WHAT NEEDS TO BE DONE -> Copy the listing that follows exactly. Its pictures do not belong in the copy.

DATA SECTION ->

-- -- --

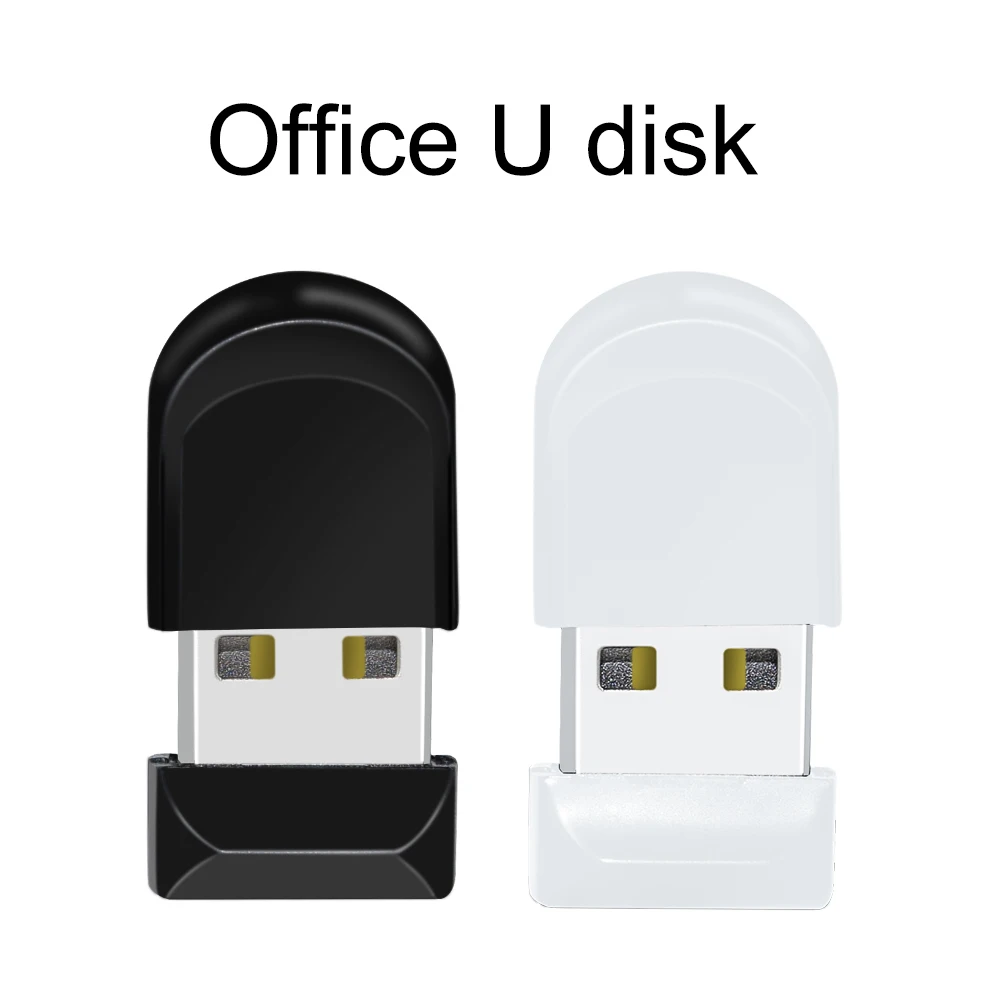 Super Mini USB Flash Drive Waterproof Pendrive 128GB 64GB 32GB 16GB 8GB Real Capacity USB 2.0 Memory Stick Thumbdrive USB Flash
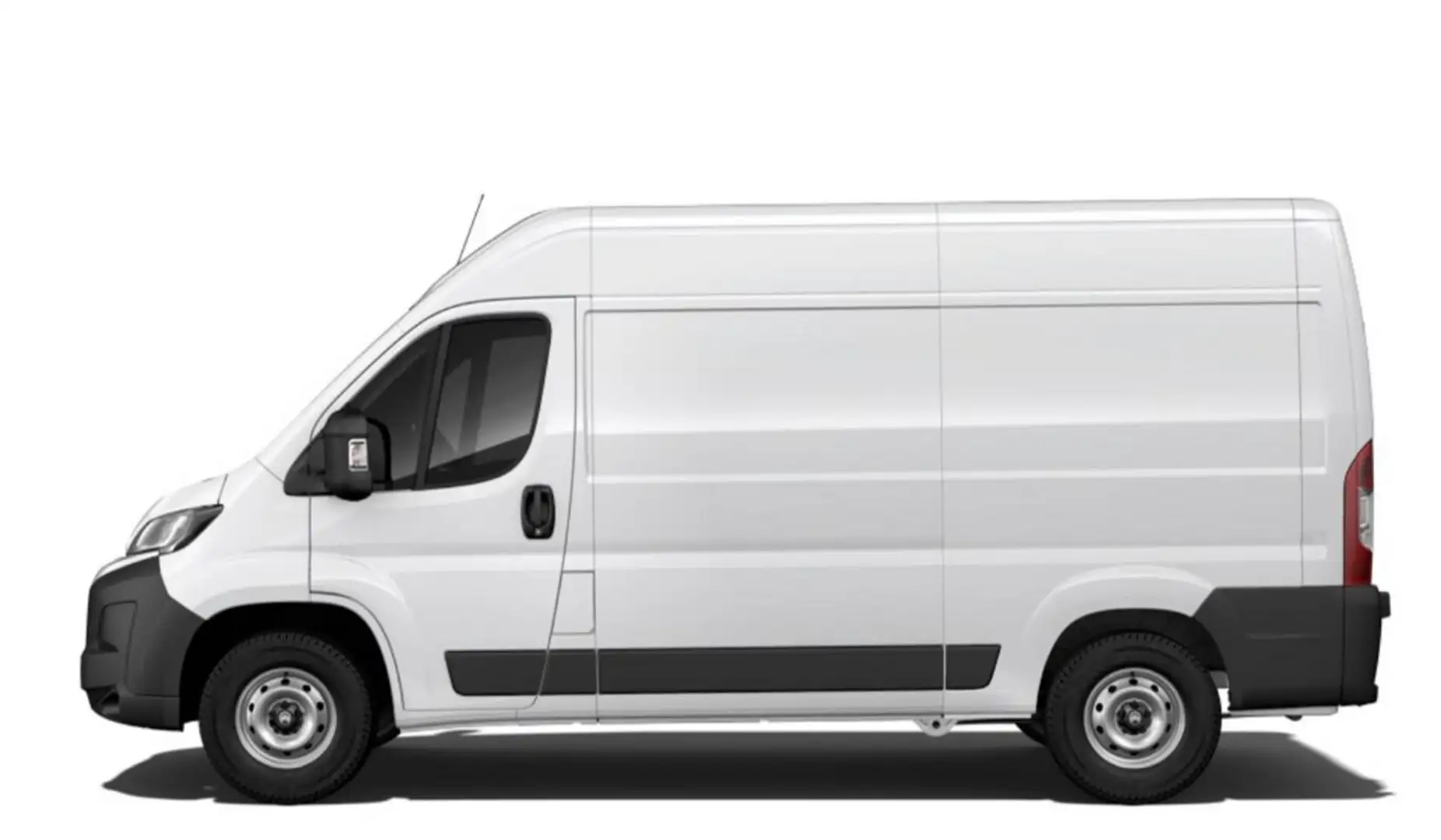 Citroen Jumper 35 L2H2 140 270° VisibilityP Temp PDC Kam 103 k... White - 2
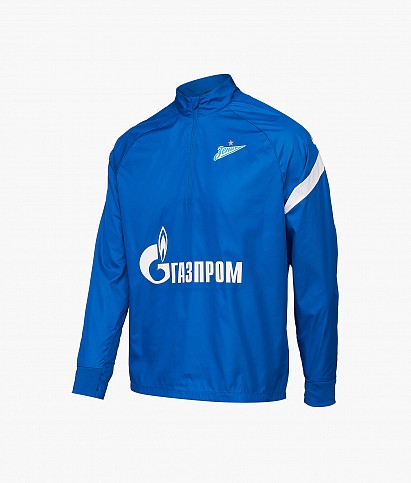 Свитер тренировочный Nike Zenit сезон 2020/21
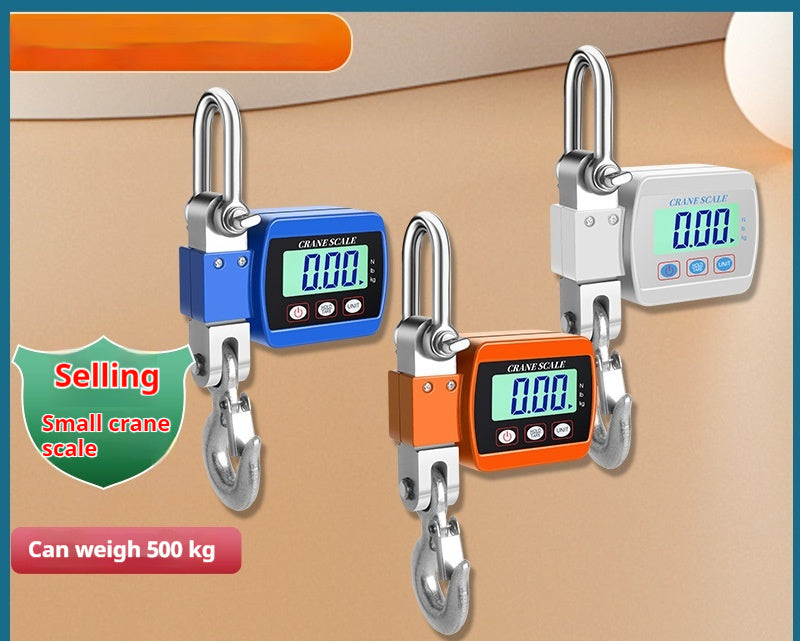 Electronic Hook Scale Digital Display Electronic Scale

-- -- --

EXPECTED OUTPUT ->
 Super Mini USB Flash Drive Waterproof Pendrive 128GB 64GB 32GB 16GB 8GB Real Capacity USB 2.0 Memory Stick Thumbdrive USB Flash
 Citroen Jumper 35 L2H2 140 270° VisibilityP Temp PDC Kam 103 k... White - 2
 Свитер тренировочный Nike Zenit сезон 2020/21
 Electronic Hook Scale Digital Display Electronic Scale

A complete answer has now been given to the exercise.